Because the LBUSD already has a partnership with the YMCA of Greater Long Beach, Camp Oakes became the next site to look at. Oakes has a very similar layout and already has programs with school districts to bring students there.

“Their service area is Long Beach, so they had a lot of interest in making that available to us,” said Moskovitz.

What’s next for Hi Hill and the LBUSD?

Contracts to present to the LBUSD board have not been finalized yet, but planning is well underway, and it’s likely that the board will have something to vote on in early 2023. The LBUSD will require about 80% of the available weeks at Camp Oakes, making it a big partnership between the district and the LB YMCA.

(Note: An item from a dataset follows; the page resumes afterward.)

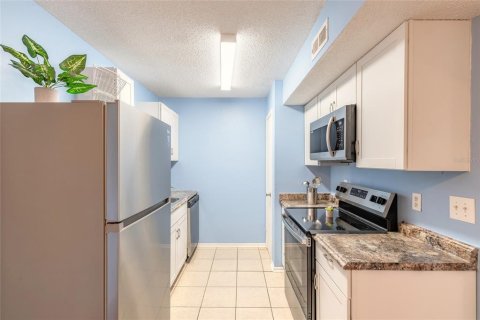 Condo in South Daytona, Florida, 2 bedrooms № 2113933 - photo 10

Once an agreement is signed, a curriculum will be developed, with input from some current fourth graders and families who will be among the first to go next year. The district team, which has already toured Oakes, will go up again in the spring. Moskovitz was part of the team that went up earlier in 2022.

“We took a tour of the facility, and surprising to me—not surprising to the folks at Camp Oakes—a lot of the programming they run is very similar to what was run at Camp Hi Hill,” he said. “It’s a model that’s been developed over the last 50 years, a lot of the same songs and routines and daily structures, sleeping arrangements, things that are very familiar to what we had at Hi Hill.”

The plan with the ELO funding will be that the trips will be fully funded next year and for the foreseeable future, with no cost to campers. That means beginning next school year, Long Beach fifth graders across the city will once again have the opportunity to go out into nature for a week as part of a public school program.

“I think after the last two challenging years, our students having opportunities to experience nature and…disconnect from the grind here (is great),” said LBUSD boardmember Juan Benitez. “I think it’s wonderful.”

For Moskovitz and the rest of the LBUSD team, that experience was the reason it was worth the hard work to try and revive the program.

“Students who don’t have the opportunities to be in the mountains or snow get that chance to connect with nature,” he said. “To spend a week there, that effect is profound. And as we continue to develop social emotional learning, the value in helping students connect with each other, too. It’s so much more powerful when you can get them away from their environment and day-to-day challenges and just connect in a place that’s peaceful and beautiful.”